We find that the average length of the model-generated answers on GSM8K is shorter than that on MATH. This indicates that solving problems on MATH requires longer reasoning chains, i.e., more steps, compared with GSM8K. Our results show that REBASE is more advantageous under scenarios where more reasoning steps are required, demonstrating the effectiveness of the search strategy.
To further justify this claim, we additionally conduct evaluations on the hard problems (levels 3-5) in MATH based on weighted majority voting.
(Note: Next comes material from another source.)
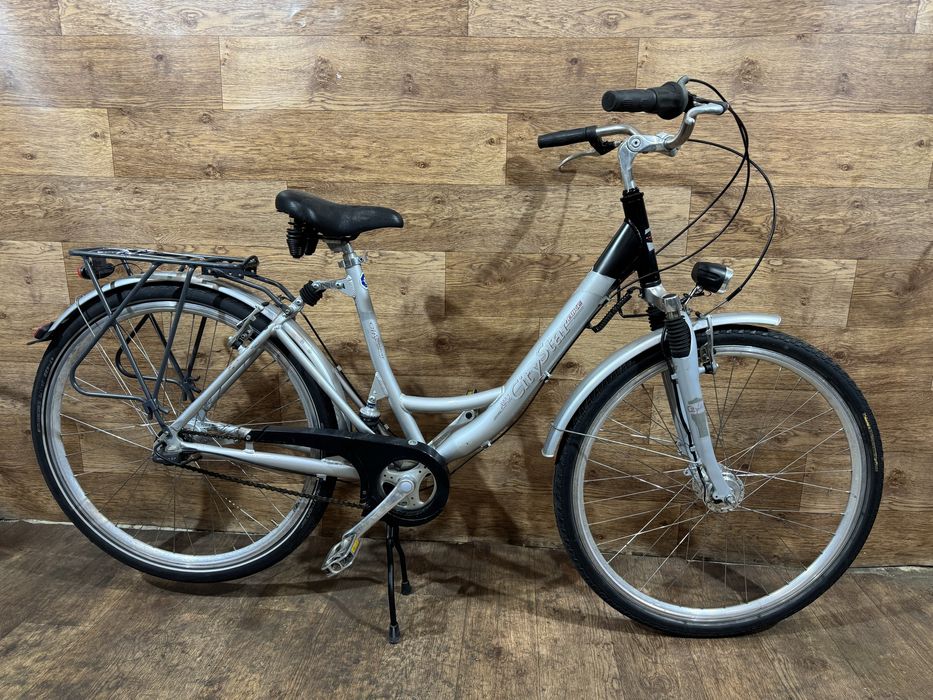 Дамка двопідвіс 28колеса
The results are shown below:
| Setting | MATH (hard) Sampling Accuracy | MATH (hard) REBASE Accuracy |
|---|---|---|
| Llemma 7B 32 samples | 34.1% | 37.3% |
| Llemma 7B 64 samples | 34.3% | 39.8% |
| Llemma 34B 32 samples | 36.8% | 40.1% |
| Llemma 34B 64 samples | 36.8% | 43.3% |
The results show that REBASE has stronger performance particularly on hard problems. For example, the sampling accuracy of Llemma 34B does not improve when increasing the sample size from 32 to 64, while REBASE shows better scaling trends. We hope the additional results make our claim more convincing.
In the scenarios where REBASE is purportedly advantageous (i.e., less compute-intensive situations), the performance on the MATH dataset with Llemma-34B and Mistral-7B models is either weaker than or merely comparable to the Sampling method. This indicates that REBASE does not consistently achieve improvements. An explanation for this should be provided.
We believe that you are referring to the leftmost parts of the figures. In each scaling curve, the result begins from only one sample. Thus, these leftmost parts indeed correspond to comparing different methods using only 1-4 sample(s). In such cases, tree search approaches almost degenerate into naive sampling. The FLOPs budget is so limited that there is little room to compare different algorithms.
More meaningful comparisons can be observed in the middle ranges in these figures, where the budget is still limited but offers decent room for applying advanced algorithms. In this regime, we see that REBASE performs consistently better than sampling, e.g., in Fig. 6.
The paper only uses two baselines: sampling and MCTS, without elaborating on their implementation details. It would be beneficial to include the latest baselines and provide detailed introductions and comparisons of the baselines and the proposed REBASE method.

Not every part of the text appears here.